METHOD AND APPARATUS FOR AIRBORNE DISSEMINATION AND IMPLANTATION OF SEEDS

Abstract

This invention relates to a method and apparatus for the airborne dissemination and implantation of seeds utilizing an aerodynamic seed delivery apparatus with built-in nutrients, anti-pest, and anti-fungal properties that can be disseminated rapidly from an airborne platform. The velocity of impact and depth of penetration into specific soil types by the delivery apparatus can be controlled up to a terminal velocity kinetic energy by exploiting a specified drag coefficient, mass, and altitude of release.
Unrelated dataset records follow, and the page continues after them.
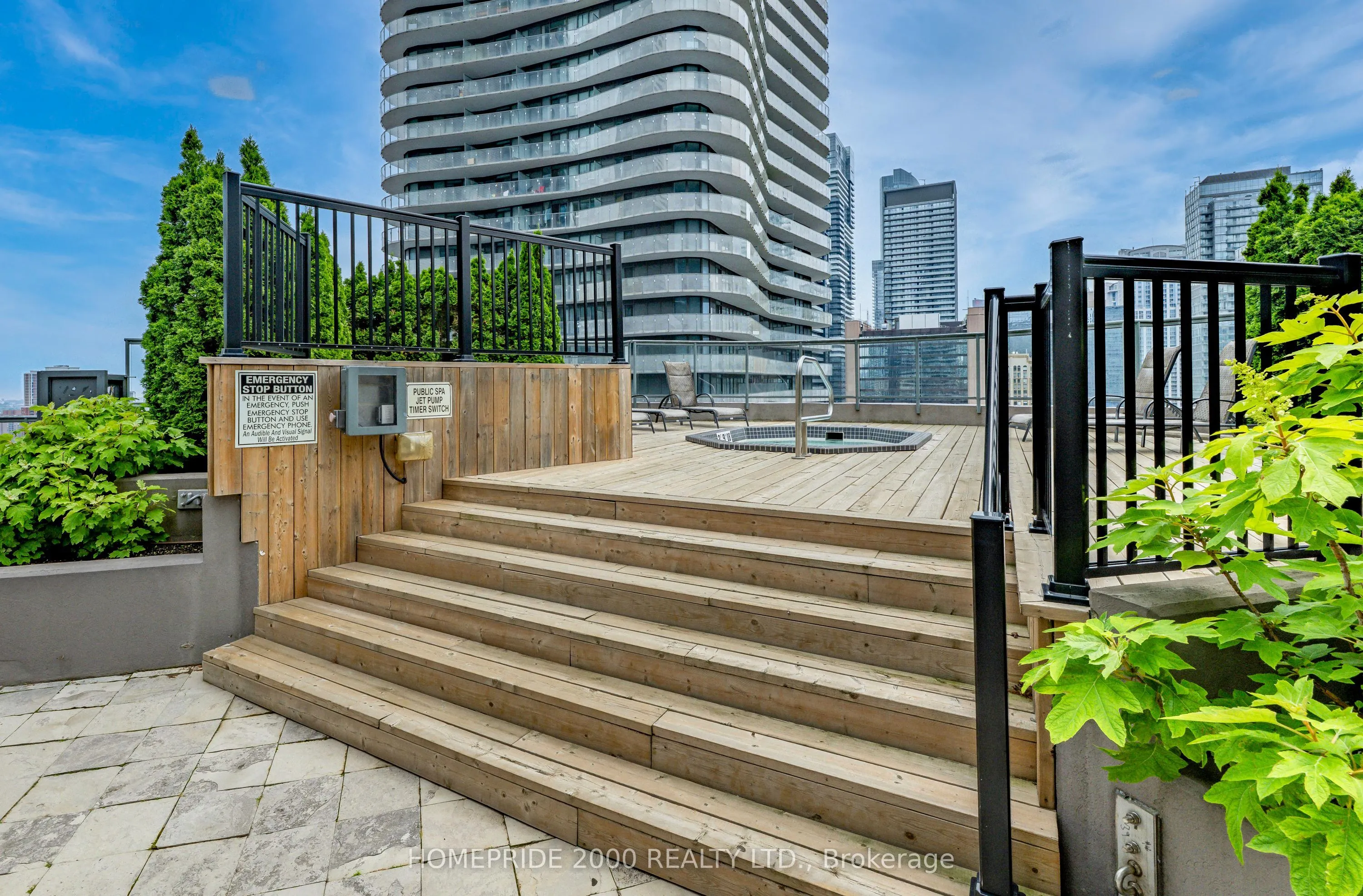 24 Wellesley Street W, #315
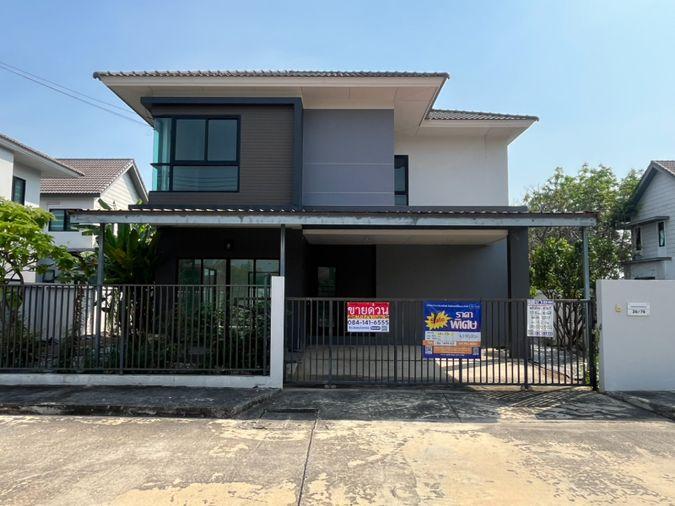 รูป บ้านเดี่ยว 2 ชั้น โครงการ วราบดินทร์ รังสิต-คลอง 3 ถนนชลมาร์คพิจารณ์ ต. ลาดสวาย อ.ลำลูกกา จ.ปทุมธานี (ราคา 3,780,000 บาท ) - รูปที่ 1/15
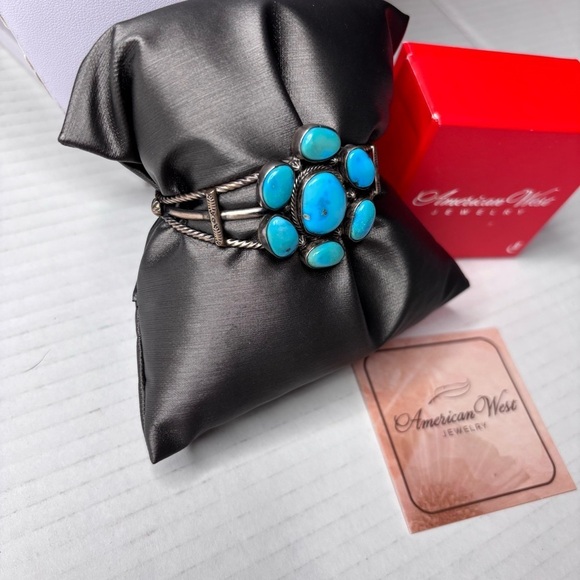 AMERICAN WEST Sterling Silver Kingman Turquoise 7-Stone Statement Cuff Bracelet - Picture 2 of 5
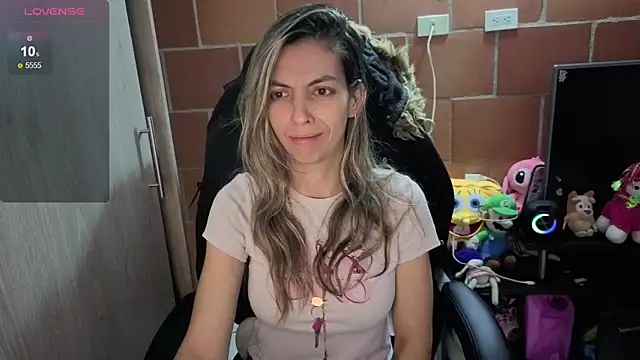 Princezzlove3 online show from 10-18-25, 12:13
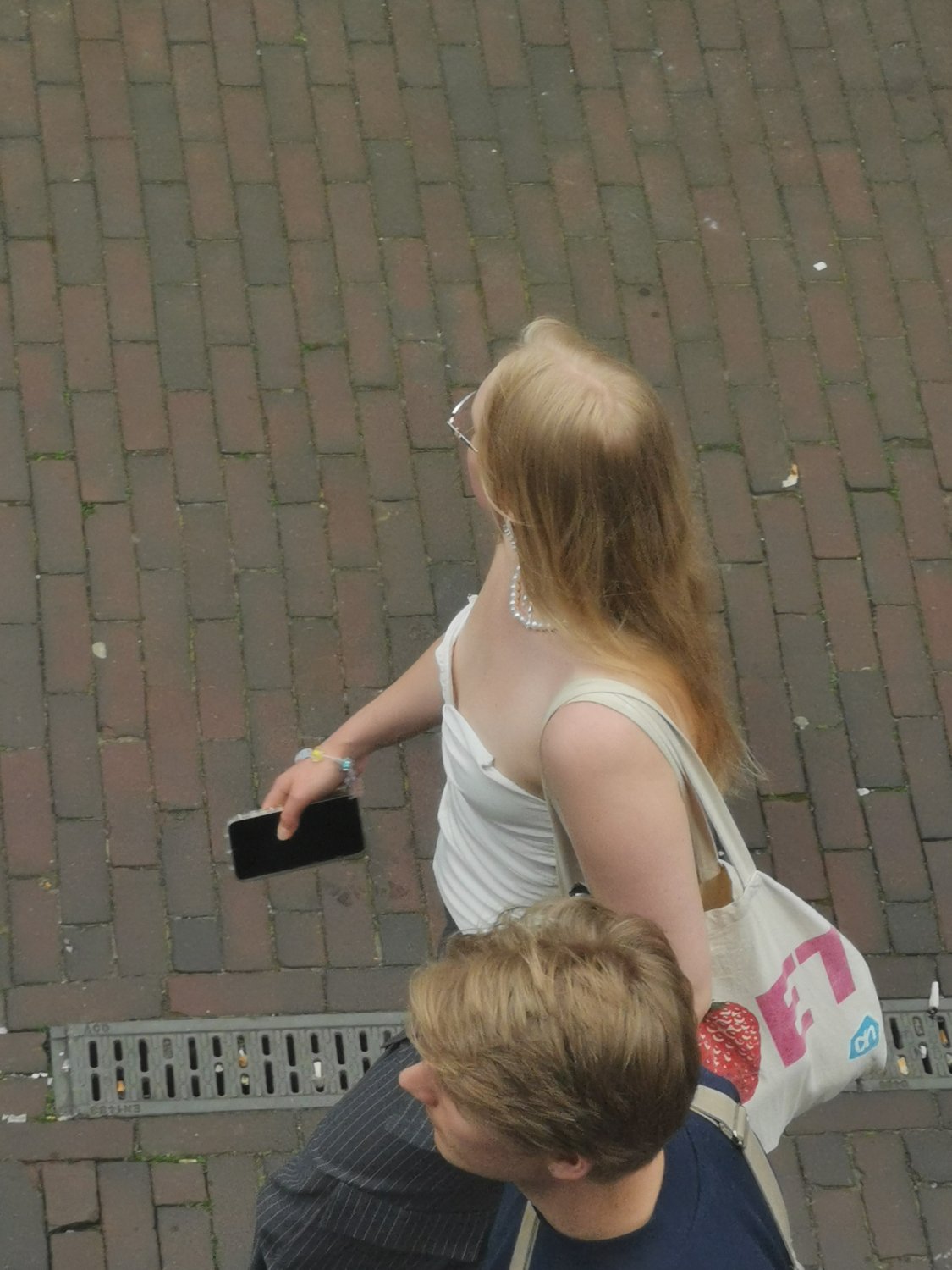 Nipslip blonde on the street #Yg6Jp5cp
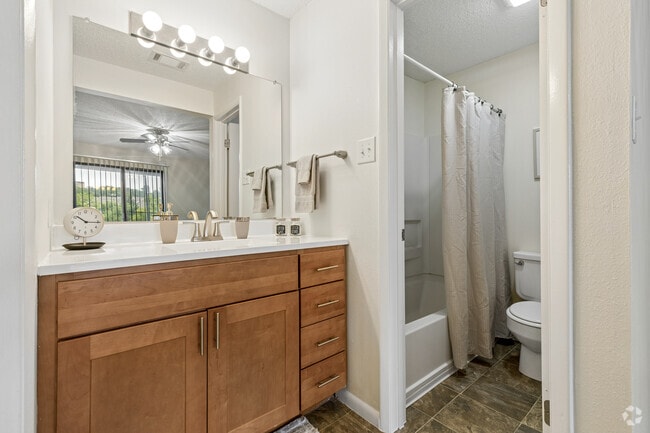 2BR, 2BA - 1,002SF - Bathroom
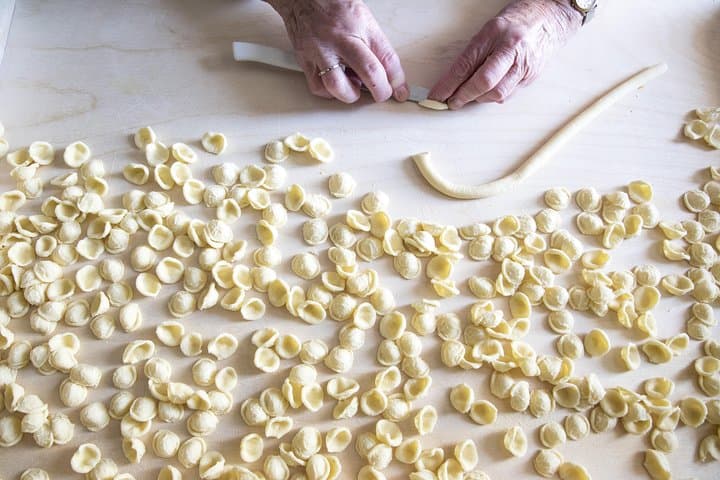 Cesarine: Home Cooking Class & Meal with a Local in Alberobello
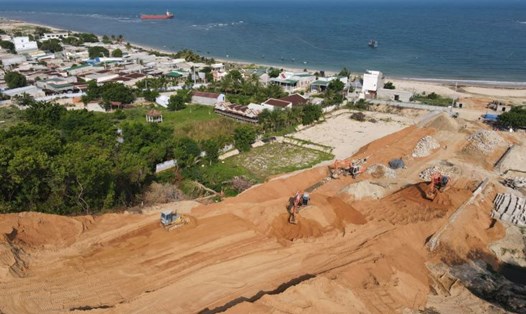 Người dân xã Phước Dinh, huyện Thuận Nam ủng hộ chủ trương lớn của Đảng, Nhà nước về xây dựng dự án điện hạt nhân. Ảnh: Hữu Long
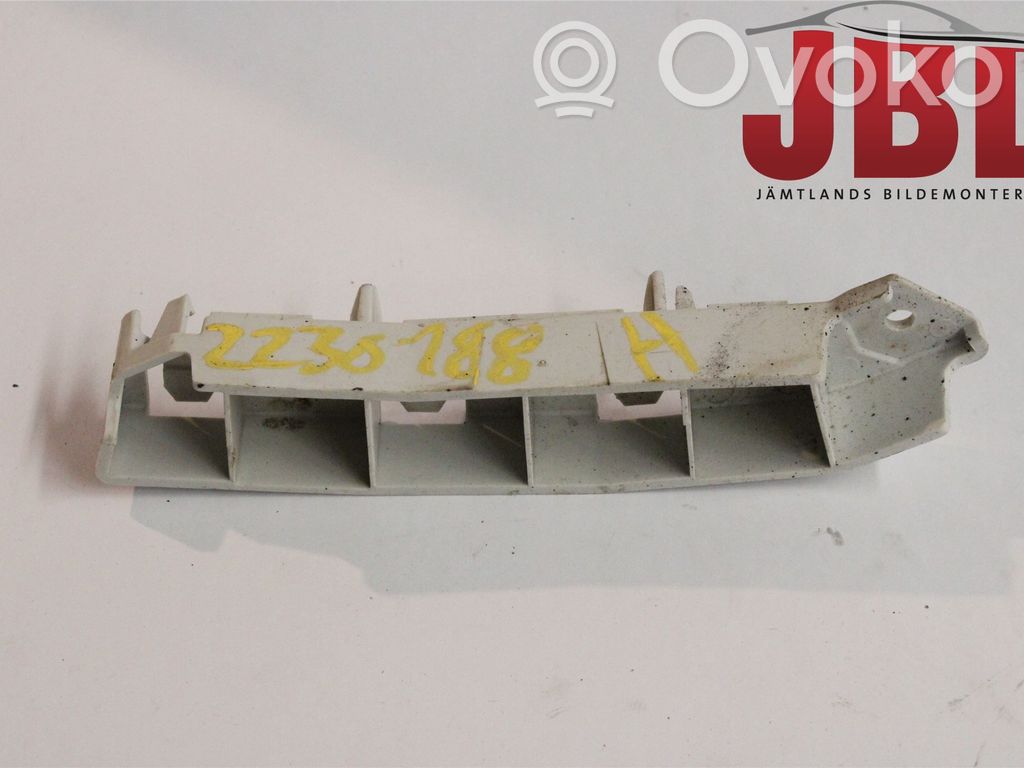 Ford Focus Front bumper mounting bracket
The seeds are delivered and imbedded into the soil at the optimal depth and orientation to maximize germination rates, since seed orientation has a pronounced effect on germination and sprout mortality rates. Flight paths for Unmanned Aerial Vehicles (UAVs) utilized for dissemination can be automated to adjust coordinates based on wind vectors, terrain elevation data, and soil permeability data to efficiently achieve a desired penetration depth across a specified geographic area.

Claims

1. A method to calculate a flight path of an Unmanned Aerial Vehicle (UAV) comprising: a. a delineated geographic area for the desired dissemination of seeds, b. a dissemination apparatus is on the UAV, c. said dissemination apparatus is configured to release a plurality of aerodynamic seed delivery apparatus, d. a predetermined rate of release of said dissemination apparatus is specified, e. a predetermined area of coverage for said dissemination apparatus is specified from a coordinate above said delineated geographic area, f. a means to enable and disable release of aerodynamic seed delivery apparatus from said dissemination apparatus, g. a specified depth of implantation desired for said aerodynamic seed delivery apparatus on said delineated geographic area, h. a specified penetrability of the target soil within said delineated geographic area, i. a specified density of seed distribution desired on said delineated geographic area, j. a specified drag coefficient of said aerodynamic seed delivery apparatus, k. a specified mass of said aerodynamic seed delivery apparatus, l. a specified cross-section of said aerodynamic seed delivery apparatus, whereby said flight path will span said delineated geographic area such that said aerodynamic seed delivery apparatus are released from an elevation above said target soil such that sufficient velocity is achieved to ensure said specified depth of implantation is achieved throughout the said geographic area at said density of seed distribution by utilizing said means to enable and disable release.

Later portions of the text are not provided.